▸ **Your instructions**
Exact reproduction of all the data is needed.

▸ **Source data**
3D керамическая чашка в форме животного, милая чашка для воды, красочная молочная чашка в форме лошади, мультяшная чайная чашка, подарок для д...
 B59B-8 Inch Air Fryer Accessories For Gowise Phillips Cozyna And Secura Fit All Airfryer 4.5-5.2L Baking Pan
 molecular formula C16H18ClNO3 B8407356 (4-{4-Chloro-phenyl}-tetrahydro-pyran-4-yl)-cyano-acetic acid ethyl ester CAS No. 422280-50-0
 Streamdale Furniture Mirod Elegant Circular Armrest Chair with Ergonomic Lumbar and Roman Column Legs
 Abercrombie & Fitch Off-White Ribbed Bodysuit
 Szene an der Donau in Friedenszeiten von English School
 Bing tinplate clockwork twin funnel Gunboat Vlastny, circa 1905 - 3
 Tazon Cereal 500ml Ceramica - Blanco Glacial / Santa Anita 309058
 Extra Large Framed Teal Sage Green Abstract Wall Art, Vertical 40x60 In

▸ **Written answer**
3D керамическая чашка в форме животного, милая чашка для воды, красочная молочная чашка в форме лошади, мультяшная чайная чашка, подарок для д...
 B59B-8 Inch Air Fryer Accessories For Gowise Phillips Cozyna And Secura Fit All Airfryer 4.5-5.2L Baking Pan
 molecular formula C16H18ClNO3 B8407356 (4-{4-Chloro-phenyl}-tetrahydro-pyran-4-yl)-cyano-acetic acid ethyl ester CAS No. 422280-50-0
 Streamdale Furniture Mirod Elegant Circular Armrest Chair with Ergonomic Lumbar and Roman Column Legs
 Abercrombie & Fitch Off-White Ribbed Bodysuit
 Szene an der Donau in Friedenszeiten von English School
 Bing tinplate clockwork twin funnel Gunboat Vlastny, circa 1905 - 3
 Tazon Cereal 500ml Ceramica - Blanco Glacial / Santa Anita 309058
 Extra Large Framed Teal Sage Green Abstract Wall Art, Vertical 40x60 In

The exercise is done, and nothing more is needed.